Even though the Texas Code of Criminal Procedure Article 39.14(a) states that a defendant must show good cause before the court will order the State to “produce and permit the inspection of evidence material to any matter involved in the action[,]” the Court of Criminal Appeals explained that the right to inspect an alleged controlled substance does not require a showing of good cause. Specifically, it does not require a showing of good cause because a trial court is required to permit inspection when the substance is material to the defense of the accused. The court’s holding clarified that in any controlled substance case the substance is material to the defense of the accused; therefore, the right to inspect is absolute and the trial court must permit the inspection. The court additionally noted that in two instances a trial court is not required to grant an independent inspection. Those instances “involve situations in which either the original testing of the substance used up the entire sample or the request was not timely.”

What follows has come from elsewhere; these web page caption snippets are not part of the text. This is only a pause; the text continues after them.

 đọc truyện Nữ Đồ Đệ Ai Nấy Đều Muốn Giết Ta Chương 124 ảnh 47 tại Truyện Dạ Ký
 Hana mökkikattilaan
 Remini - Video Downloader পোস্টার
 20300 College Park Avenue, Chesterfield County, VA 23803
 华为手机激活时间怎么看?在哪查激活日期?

In this case, the court determined that the trial court used the wrong standard. The trial court stated that appellant’s counsel had the right to inspect the controlled substance, but it further required the appellant show good cause in order to have an independent expert analyze the controlled substance. The Court noted that the correct standard is “the materiality of the evidence.” Because the appellant timely filed a motion to inspect and the controlled substance is material to appellant’s defense, he had an absolute right to an independent inspection. The court also explained that the trial court narrowly interpreted the word “inspection” under Article 39.14(a). The court clarified that that the word “inspect” is not limited to a visual examination of the object. The word “inspect” includes the right to perform a chemical analysis on the controlled substance. Therefore, the court held the trial court erred in refusing to allow the appellant to obtain independent testing of the controlled substance because it used the wrong standard.

As for the second issue of whether the State is required to appoint an independent expert to retest the substance, the court stated “the burden is on the defendant to provide concrete reasons for why the expert should be appointed.” The court further explained that the “absolute right” of inspection in a controlled substance case does not provide the absolute right of a state-appointed expert.

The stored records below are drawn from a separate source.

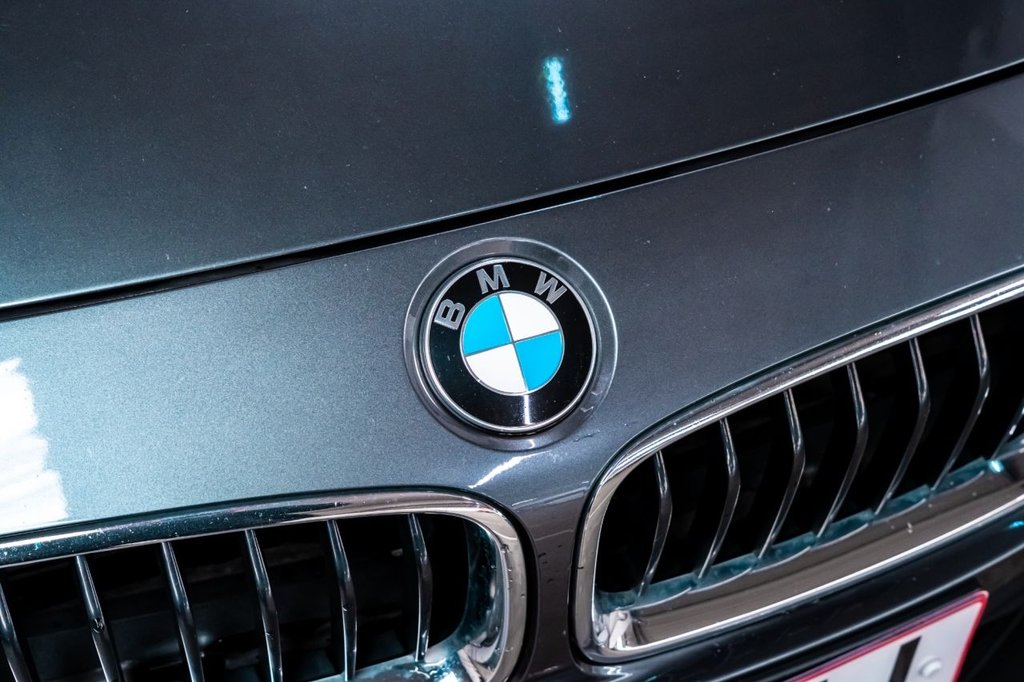 Used BMW 3 Series 2018 for sale - 76385868: Photo 35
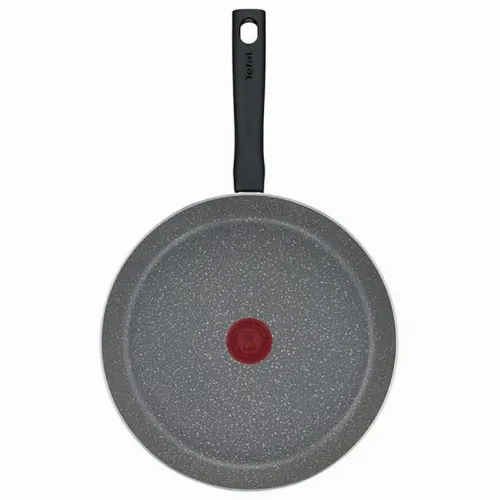 Tigaie Tefal B5790642, 28cm, Grey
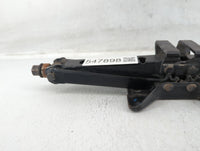 2014 Kia Forte Spare Scissor Car Jack - Oemusedautoparts1.com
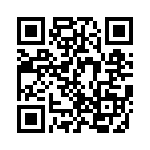 GRM4-5222-013 QRCode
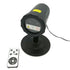 products/projecteur-laser-etoiles-6436-web-2.jpg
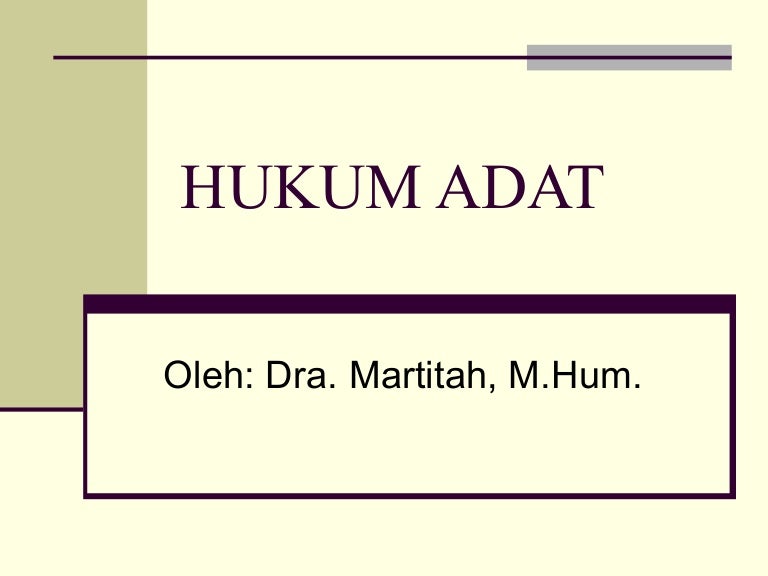 Contoh Jurnal Hukum Adat Oleh Sigit 23+ Https Ejournal Undip Ac Id Contoh Jurnal Hukum Adat Oleh Sigit 23+ Https Ejournal Undip Ac Id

Here, the appellant’s reason for requesting an inspection was to verify the substance was actually over .99 grams of methamphetamine because if it were lower than .99 grams, his range of punishment would be substantially lower. The Court explained that the appellant did not show reason to doubt the original analysis, and, further, he failed to present any information that demonstrated there was a scientific issue in this case. Because of these reasons, the court found the appellant had not provided a significant issue of fact to require the court to appoint an expert. As a result, the court held the trial court did not abuse its discretion when it refused to appoint an independent expert.

Therefore, even though the court held the trial court properly refused the appointment of an expert, the court reversed and remanded the judgment of the court of appeals because it did abuse its discretion in denying testing at the appellant’s expense.